More than two dozen broker/dealers and RIAs agreed to pay a combined $392.75 million in penalties, including Raymond James, LPL, Edward Jones and Osaic, among others.

The Securities and Exchange Commission continues to crack down on practices around off-channel communications, with the regulator charging 26 broker/dealers and registered investment advisors this week for “widespread and long-standing failures” to maintain electronic communications.

The firms have agreed to pay combined civil penalties of $392.75 million to settle the violations. Ameriprise Financial, Edward Jones, LPL Financial and Raymond James, which WealthManagement.com previously reported, had the highest penalty, each agreeing to pay $50 million. RBC Capital Markets will pay $45 million, while BNY Mellon Securities Corp., together with Pershing, will pay $40 million.

Other affected firms include TD Securities, Osaic, Cowen and Company, Piper Sandler & Co., First Trust Portfolios, Apex Clearing, Great Point Capital, P. Schoenfeld Asset Management and Haitong International Securities (USA) Inc.

Three firms self-reported the violations and received lower penalties, including Truist Securities, Cetera and Hilltop Securities.
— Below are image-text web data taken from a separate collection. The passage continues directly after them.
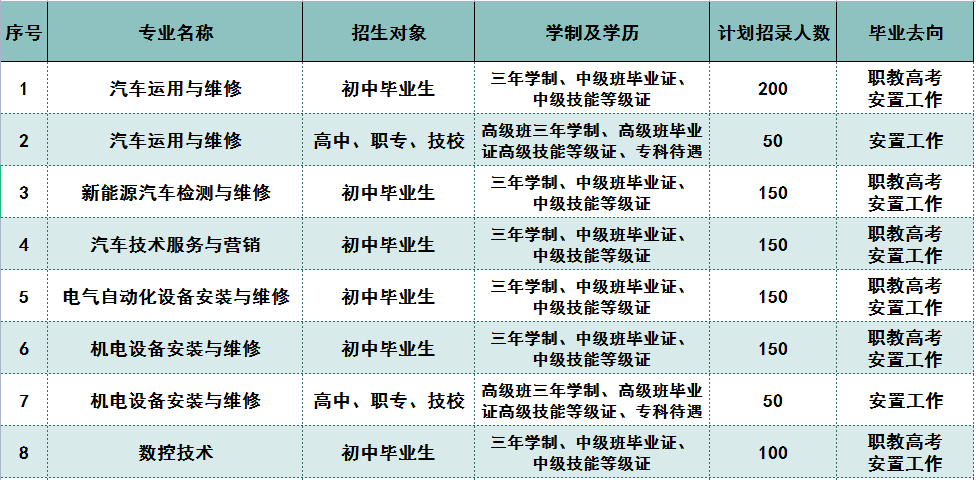 菏泽市交通高级技工学校2024年秋季招生简章插图1
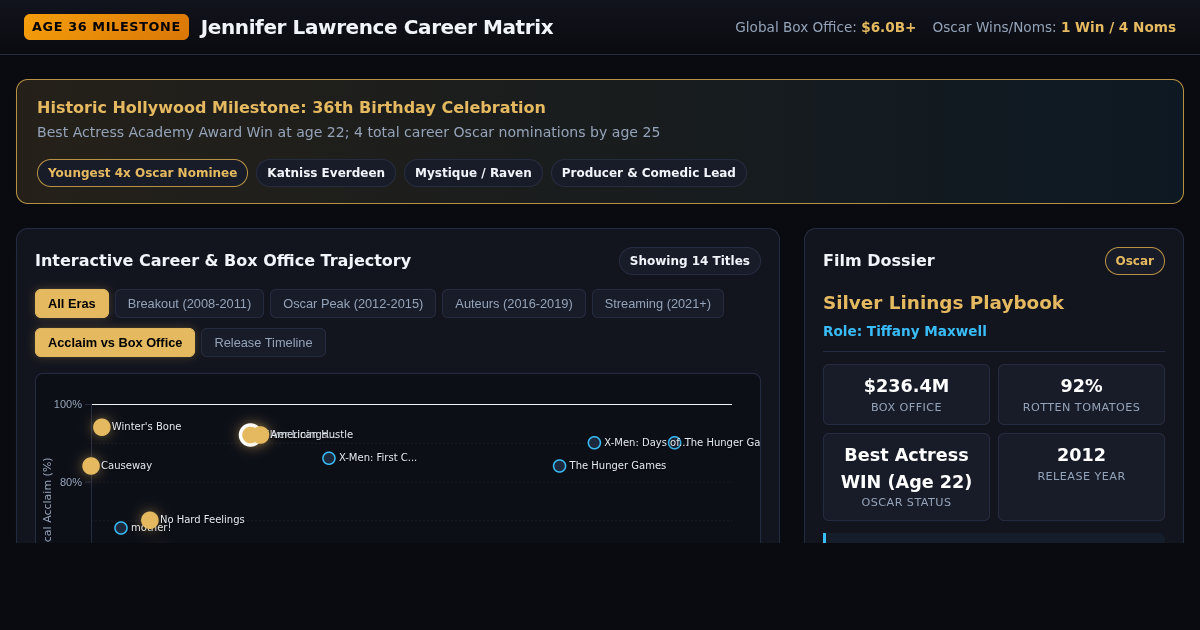 Jennifer Lawrence 36 Career Matrix | Filmography & Awards Explorer preview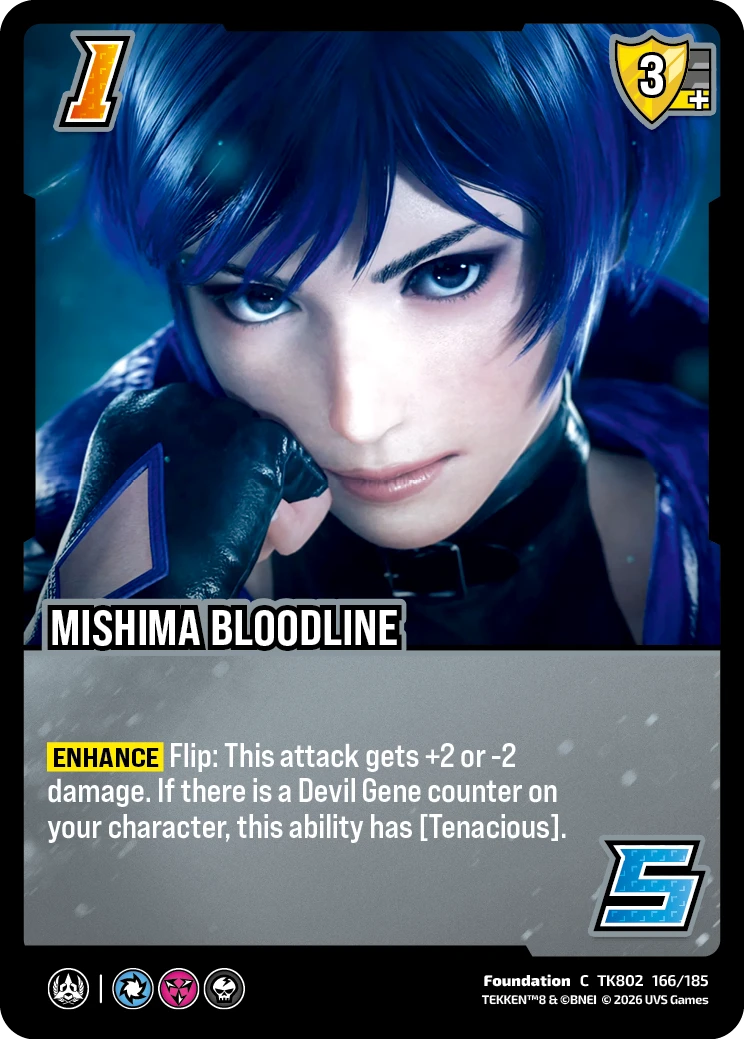 Mishima Bloodline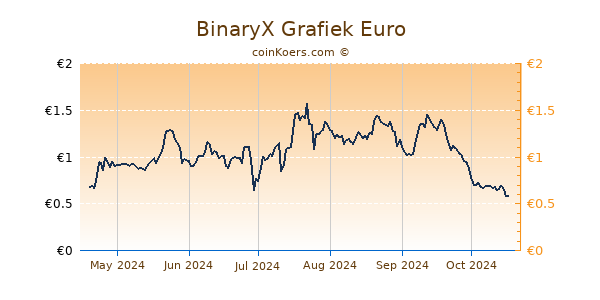 BinaryX Grafiek 6 Maanden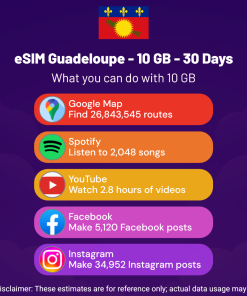 eSIM Guadeloupe - 10 GB - 30 Days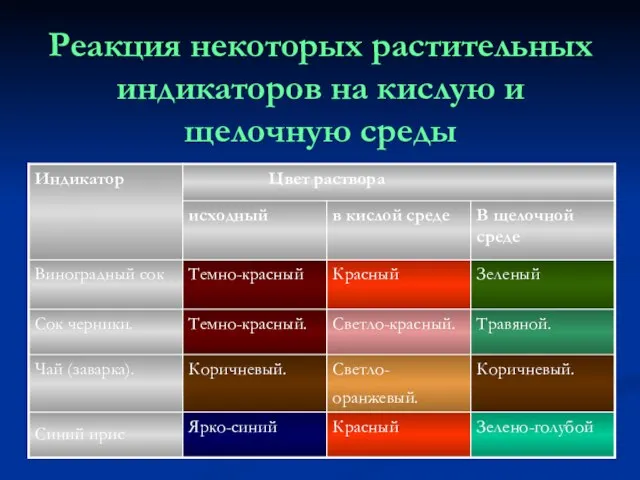 Реакция некоторых растительных индикаторов на кислую и щелочную среды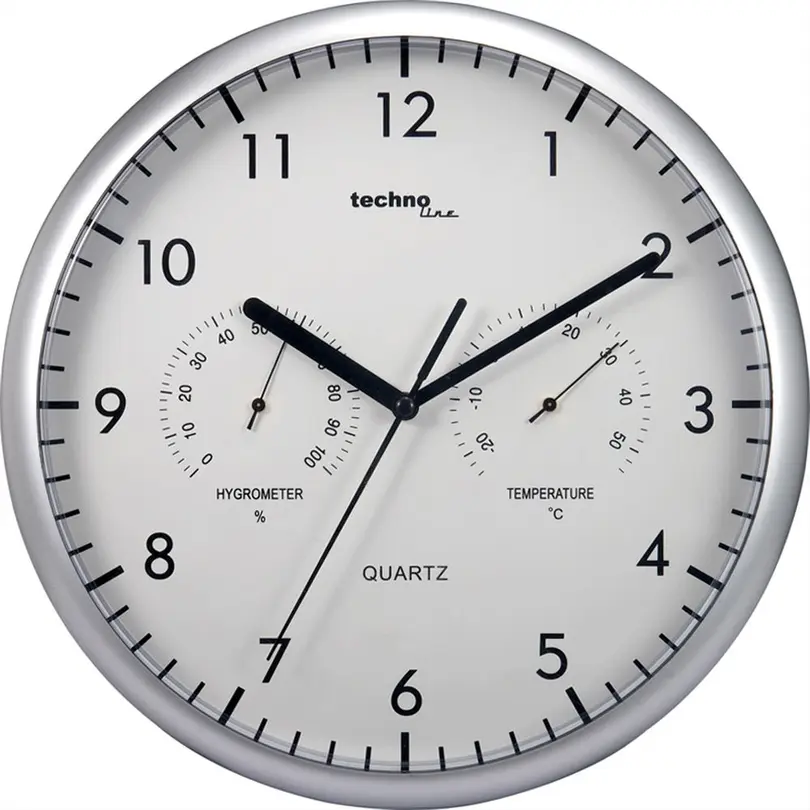 Wanduhr Technoline
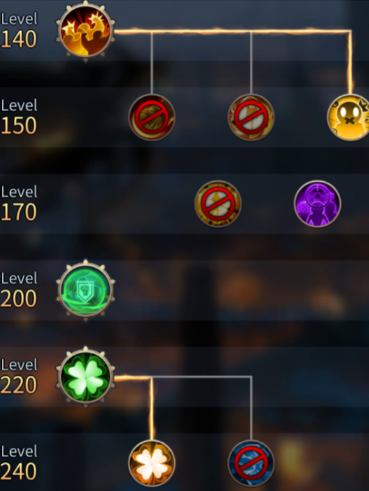 勇士与旅途战魂经验有什么用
The Commodity Futures Trading Commission also settled charges against The Toronto Dominion Bank, Cowen and Company, and Truist Bank for related conduct.
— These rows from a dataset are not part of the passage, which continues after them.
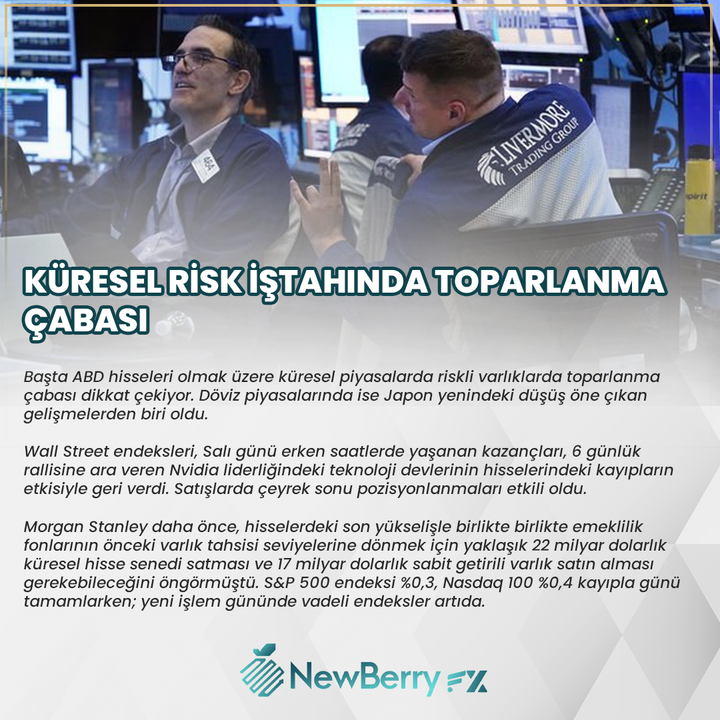 NewberryTrades's tweet photo. Başta ABD hisseleri olmak üzere küresel piyasalarda riskli varlıklarda toparlanma çabası dikkat çekiyor.

Döviz piyasalarında ise Japon yenindeki düşüş öne çıkan gelişmelerden biri oldu.

#abd #bist100 #döviz #yen https://t.co/B8IIgx805H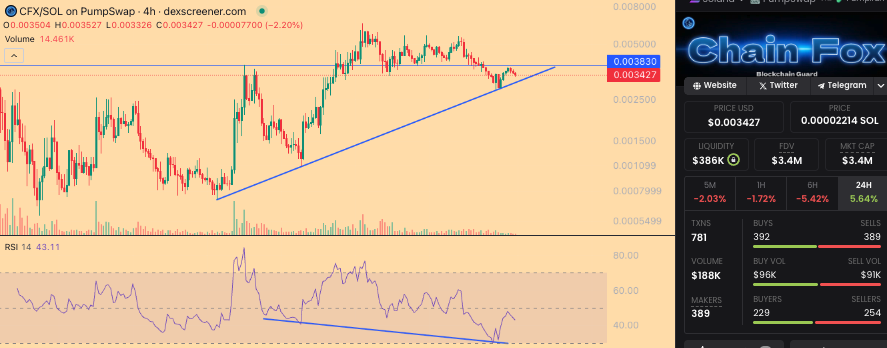 bigmo_9849's tweet photo. Hidden bullish divergence? #CFX https://t.co/U0JYvurJ4k
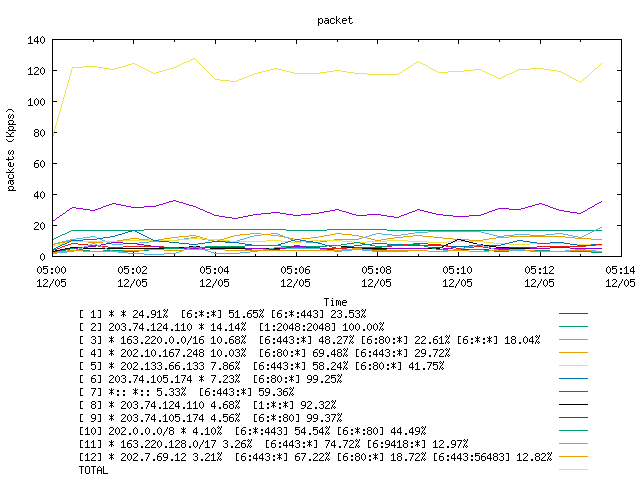 [agurim packets plot]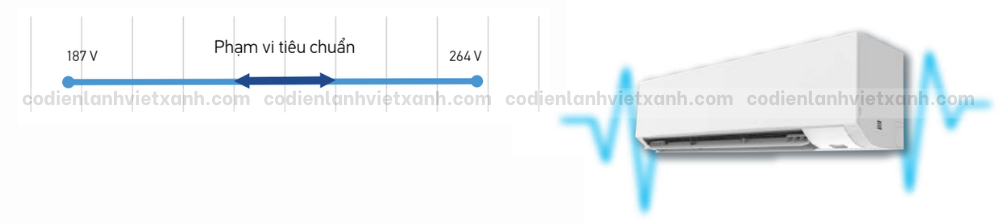 FXAQ-BVM/fxaq63bvm-dan-lanh-may-lanh-trung-tam-vrv-treo-tuong-bao-ve-khi-dien-ap-thay-doi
Specifically, the SEC charged the firms with widespread failures involving personnel at multiple levels, “including supervisors and senior managers,” in meeting record-keeping requirements, particularly for private communications, in which employees communicated via personal text messages and through platforms like WhatsApp.

The firms were also charged with failing to reasonably supervise their personnel.

“As today’s enforcement actions against more than two dozen firms reflect, we remain committed to ensuring compliance with the books and records requirements of the federal securities laws, which are essential to investor protection and well-functioning markets,” said Gurbir S. Grewal, Director of the SEC’s Division of Enforcement, in a statement.

WealthManagement.com reported last week that Raymond James was nearing a settlement with the SEC to close its investigation into the use of off-channel business communications at the firm.

Earlier this year, LPL Financial’s quarterly filings revealed it had settled to close the investigation into off-channel communications.  

In September 2022, the SEC fined 15 broker/dealers and one investment advisor $1.1 billion to settle charges of “widespread and long-standing failures” with firms’ compliance practices meeting record-keeping requirements through texting and platforms like WhatsApp. The firms included Bank of America Securities, Citigroup Global Markets, Credit Suisse Securities, Deutsche Bank Securities, Goldman Sachs, Morgan Stanley and UBS. 

More settlements followed from, among others, Wells FargoInteractive Brokers, Nuveen SecuritiesHSBC and Senvest. In February, the commission fined 16 firms more than $81 million to settle charges they didn’t preserve off-channel communications, including Northwestern Mutual, Guggenheim Securities, Oppenheimer & Co. and Cambridge Investment Research.